Dimanche [29 mars 1964]
A sept heures, je suis sortie, et j'ai vécu seule la
plus belle heure de ce jour qui s'est à présent embué, enfiévré, obscurci. Seule: oui, ce
matin de Pâques, il m'a bien semblé que tous (et tout) prolongeaient leur
repos. Je n'ai rencontré personne et je suis sûre -à l'absence de
résistance de l'espace, à l'absence d'écho à
mes gestes et mes pas, que véritablement
j'étais seule dehors.
Goût de privilège.
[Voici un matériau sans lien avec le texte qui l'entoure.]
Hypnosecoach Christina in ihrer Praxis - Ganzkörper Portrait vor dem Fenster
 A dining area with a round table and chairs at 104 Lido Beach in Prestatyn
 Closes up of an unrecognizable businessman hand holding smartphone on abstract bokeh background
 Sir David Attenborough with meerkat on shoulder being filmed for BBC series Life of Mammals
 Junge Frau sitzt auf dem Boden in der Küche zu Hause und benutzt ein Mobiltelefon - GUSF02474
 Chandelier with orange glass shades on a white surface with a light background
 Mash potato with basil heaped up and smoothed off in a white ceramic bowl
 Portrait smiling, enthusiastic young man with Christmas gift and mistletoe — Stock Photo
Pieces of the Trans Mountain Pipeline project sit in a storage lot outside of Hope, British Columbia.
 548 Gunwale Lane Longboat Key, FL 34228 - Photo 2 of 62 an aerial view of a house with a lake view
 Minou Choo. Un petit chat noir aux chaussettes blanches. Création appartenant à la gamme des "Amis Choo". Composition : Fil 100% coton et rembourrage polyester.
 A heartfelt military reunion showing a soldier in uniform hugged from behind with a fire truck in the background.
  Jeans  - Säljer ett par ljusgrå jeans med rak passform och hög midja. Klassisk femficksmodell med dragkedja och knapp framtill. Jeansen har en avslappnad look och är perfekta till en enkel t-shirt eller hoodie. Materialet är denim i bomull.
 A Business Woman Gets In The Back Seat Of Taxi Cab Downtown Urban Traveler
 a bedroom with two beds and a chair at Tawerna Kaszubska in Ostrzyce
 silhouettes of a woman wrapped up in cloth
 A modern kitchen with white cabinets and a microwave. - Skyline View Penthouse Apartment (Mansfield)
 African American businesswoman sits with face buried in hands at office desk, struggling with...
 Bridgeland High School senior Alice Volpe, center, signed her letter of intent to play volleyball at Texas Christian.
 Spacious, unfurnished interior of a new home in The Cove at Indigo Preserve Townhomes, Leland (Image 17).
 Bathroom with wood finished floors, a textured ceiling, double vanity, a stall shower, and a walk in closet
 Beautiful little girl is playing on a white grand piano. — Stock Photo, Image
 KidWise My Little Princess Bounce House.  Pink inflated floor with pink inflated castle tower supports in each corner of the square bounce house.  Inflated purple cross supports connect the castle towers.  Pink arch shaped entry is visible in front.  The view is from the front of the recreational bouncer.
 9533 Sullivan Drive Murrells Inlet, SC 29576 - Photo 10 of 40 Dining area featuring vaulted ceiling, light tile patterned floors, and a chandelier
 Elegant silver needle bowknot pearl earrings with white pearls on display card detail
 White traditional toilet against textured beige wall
J’ai foulé l'hiver mort: fougères
rousses ou blêmes, froissées, tassées, lichens et les sentiers sans herbe, mais
à hauteur
de mes lèvres dans la saveur du vent, à hauteur de mes paupières dans le baiser dont les
fermait le soleil, j'ai rencontré le printemps.
Je me suis attardée sur les collines, considérant avec tendresse ce
village maussade ordinairement mais que son environnement de fumées, de coqs,
de chiens et plus haut de bois, et plus haut de ciel pâle faisait précieux.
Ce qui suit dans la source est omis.